They told her not to name him.

But she did and Kinley Haze and “Wilbert” formed a bond.

Kinley, 16, is a sophomore at Orange High School. Six-month-old Wilbert is a 223-pound Blue Butt show pig.

Kinley showed Wilbert at the 2017 Central Piedmont Junior Livestock Show & Sale recently in the Central Carolina Holstein Association Barn on Orange Grove Road here. It was the 72nd year of the annual event.

Kinley has always had an interest in farms.

Her grandmother, Charlotte McGhee, grew up on her own daddy’s farm with cows, chickens and of course pigs. They even grew and “pulled” a little tobacco, McGhee remembers. The grandmother graduated from Orange High in 1966.

Kinley’s mother, Teresa Haze, showed cows as a little girl. Although she now works in a bank, far separated from fieldwork, Teresa Haze was not the least surprised by her daughter’s decision to deviate from the stereotypical teenaged American girl mien and get her hands dirty.

After signing up for a Future Farmers of America (FFA) agriculture elective course at Orange High, Kinley carried on the family’s female farming legacy.

“I really wanted to show an animal but didn’t know what type I wanted to show,” Kinley said.

A starter animal

Goats are stubborn. Cows are big and their size can make them unmanageable for the untrained farmhand. Pigs are unruly but Kinley’s teacher told her that regardless they’re good “starting animals,” she said.

The FFA class at Orange High School strives to teach students the realities of a working farm and what that entails.
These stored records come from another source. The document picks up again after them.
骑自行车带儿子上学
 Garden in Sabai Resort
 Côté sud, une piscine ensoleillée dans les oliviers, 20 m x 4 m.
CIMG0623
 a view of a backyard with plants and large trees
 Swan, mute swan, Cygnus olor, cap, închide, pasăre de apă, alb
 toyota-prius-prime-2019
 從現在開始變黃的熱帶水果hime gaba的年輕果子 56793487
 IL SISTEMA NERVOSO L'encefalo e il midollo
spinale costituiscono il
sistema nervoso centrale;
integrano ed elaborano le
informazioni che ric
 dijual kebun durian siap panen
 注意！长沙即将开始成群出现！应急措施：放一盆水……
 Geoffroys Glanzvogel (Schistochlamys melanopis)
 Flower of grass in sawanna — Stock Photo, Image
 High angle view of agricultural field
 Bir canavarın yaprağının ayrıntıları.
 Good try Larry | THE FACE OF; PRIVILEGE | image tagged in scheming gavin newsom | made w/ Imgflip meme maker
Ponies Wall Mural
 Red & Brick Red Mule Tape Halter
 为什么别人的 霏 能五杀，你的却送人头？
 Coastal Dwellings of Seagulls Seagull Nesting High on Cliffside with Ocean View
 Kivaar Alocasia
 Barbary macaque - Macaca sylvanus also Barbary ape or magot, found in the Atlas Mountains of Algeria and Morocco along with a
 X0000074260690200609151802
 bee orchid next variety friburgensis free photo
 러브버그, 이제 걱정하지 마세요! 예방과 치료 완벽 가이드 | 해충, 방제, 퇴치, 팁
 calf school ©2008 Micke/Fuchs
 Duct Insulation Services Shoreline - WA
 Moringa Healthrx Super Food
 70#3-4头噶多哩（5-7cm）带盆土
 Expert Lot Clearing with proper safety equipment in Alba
The animals are not pets. Each student in Kinley’s FFA elective course picked out an animal in the school’s barn on the first day of class that they’d be responsible for showing at the 2017 Central Piedmont Junior Livestock Show & Sale.

Kinley picked Wilbert.

“I didn’t want to name him Wilbur,” Kinley said. “I didn’t want to be, like, ‘that person.’”

She named him despite her instructors’ advice.

“They told us not to,” Kinley said. “But I did and my teacher started calling him Wilbert too, so ...”

Wilbert the piglet was born in October and Kinley picked him to be her pig at the tail-end of January.

“I liked him the best,” Kinley said. “And, well, my adviser helped me pick him out, like structure-wise, to see if he’d be a good show pig.”

Key attributes?

What are the important attributes that go into defining what is a “good” show pig?

“Just basically how wide their shoulders are. How their hams are looking. And their depth of rib, which is basically like how far down their body goes,” Kinley explained. “You don’t want a pig that is short and stubby, obviously. And you kind of want a pig that has a long loin.”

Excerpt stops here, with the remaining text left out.